» What is needed
Could you give the whole listing again, exactly as it reads?

» Listed records

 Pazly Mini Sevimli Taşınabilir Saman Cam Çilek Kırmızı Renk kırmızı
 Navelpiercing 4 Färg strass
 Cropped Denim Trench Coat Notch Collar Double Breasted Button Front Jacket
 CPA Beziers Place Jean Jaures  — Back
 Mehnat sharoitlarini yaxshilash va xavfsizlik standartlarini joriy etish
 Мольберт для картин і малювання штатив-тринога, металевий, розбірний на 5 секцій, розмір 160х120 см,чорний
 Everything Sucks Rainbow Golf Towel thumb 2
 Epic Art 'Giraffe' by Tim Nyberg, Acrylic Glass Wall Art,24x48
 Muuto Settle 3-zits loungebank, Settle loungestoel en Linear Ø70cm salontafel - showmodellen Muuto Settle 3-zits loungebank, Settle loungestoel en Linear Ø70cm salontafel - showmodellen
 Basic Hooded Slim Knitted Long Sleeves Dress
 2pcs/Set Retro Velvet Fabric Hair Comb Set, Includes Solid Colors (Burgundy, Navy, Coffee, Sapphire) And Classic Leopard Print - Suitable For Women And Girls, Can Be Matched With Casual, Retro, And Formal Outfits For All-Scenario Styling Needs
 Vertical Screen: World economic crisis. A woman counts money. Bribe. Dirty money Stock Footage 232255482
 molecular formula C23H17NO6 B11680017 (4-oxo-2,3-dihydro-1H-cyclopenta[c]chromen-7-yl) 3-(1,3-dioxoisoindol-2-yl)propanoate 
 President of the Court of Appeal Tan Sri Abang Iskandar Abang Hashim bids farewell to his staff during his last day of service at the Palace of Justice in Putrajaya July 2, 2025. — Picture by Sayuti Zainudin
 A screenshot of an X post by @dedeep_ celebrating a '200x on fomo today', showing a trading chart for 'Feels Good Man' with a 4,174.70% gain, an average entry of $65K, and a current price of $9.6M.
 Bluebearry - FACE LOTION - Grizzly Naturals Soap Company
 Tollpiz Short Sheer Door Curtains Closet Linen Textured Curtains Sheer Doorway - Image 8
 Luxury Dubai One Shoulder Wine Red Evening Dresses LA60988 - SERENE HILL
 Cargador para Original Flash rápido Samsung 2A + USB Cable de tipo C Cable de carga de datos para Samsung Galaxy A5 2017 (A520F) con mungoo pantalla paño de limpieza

» Response area
 Pazly Mini Sevimli Taşınabilir Saman Cam Çilek Kırmızı Renk kırmızı
 Navelpiercing 4 Färg strass
 Cropped Denim Trench Coat Notch Collar Double Breasted Button Front Jacket
 CPA Beziers Place Jean Jaures  — Back
 Mehnat sharoitlarini yaxshilash va xavfsizlik standartlarini joriy etish
 Мольберт для картин і малювання штатив-тринога, металевий, розбірний на 5 секцій, розмір 160х120 см,чорний
 Everything Sucks Rainbow Golf Towel thumb 2
 Epic Art 'Giraffe' by Tim Nyberg, Acrylic Glass Wall Art,24x48
 Muuto Settle 3-zits loungebank, Settle loungestoel en Linear Ø70cm salontafel - showmodellen Muuto Settle 3-zits loungebank, Settle loungestoel en Linear Ø70cm salontafel - showmodellen
 Basic Hooded Slim Knitted Long Sleeves Dress
 2pcs/Set Retro Velvet Fabric Hair Comb Set, Includes Solid Colors (Burgundy, Navy, Coffee, Sapphire) And Classic Leopard Print - Suitable For Women And Girls, Can Be Matched With Casual, Retro, And Formal Outfits For All-Scenario Styling Needs
 Vertical Screen: World economic crisis. A woman counts money. Bribe. Dirty money Stock Footage 232255482
 molecular formula C23H17NO6 B11680017 (4-oxo-2,3-dihydro-1H-cyclopenta[c]chromen-7-yl) 3-(1,3-dioxoisoindol-2-yl)propanoate 
 President of the Court of Appeal Tan Sri Abang Iskandar Abang Hashim bids farewell to his staff during his last day of service at the Palace of Justice in Putrajaya July 2, 2025. — Picture by Sayuti Zainudin
 A screenshot of an X post by @dedeep_ celebrating a '200x on fomo today', showing a trading chart for 'Feels Good Man' with a 4,174.70% gain, an average entry of $65K, and a current price of $9.6M.
 Bluebearry - FACE LOTION - Grizzly Naturals Soap Company
 Tollpiz Short Sheer Door Curtains Closet Linen Textured Curtains Sheer Doorway - Image 8
 Luxury Dubai One Shoulder Wine Red Evening Dresses LA60988 - SERENE HILL
 Cargador para Original Flash rápido Samsung 2A + USB Cable de tipo C Cable de carga de datos para Samsung Galaxy A5 2017 (A520F) con mungoo pantalla paño de limpieza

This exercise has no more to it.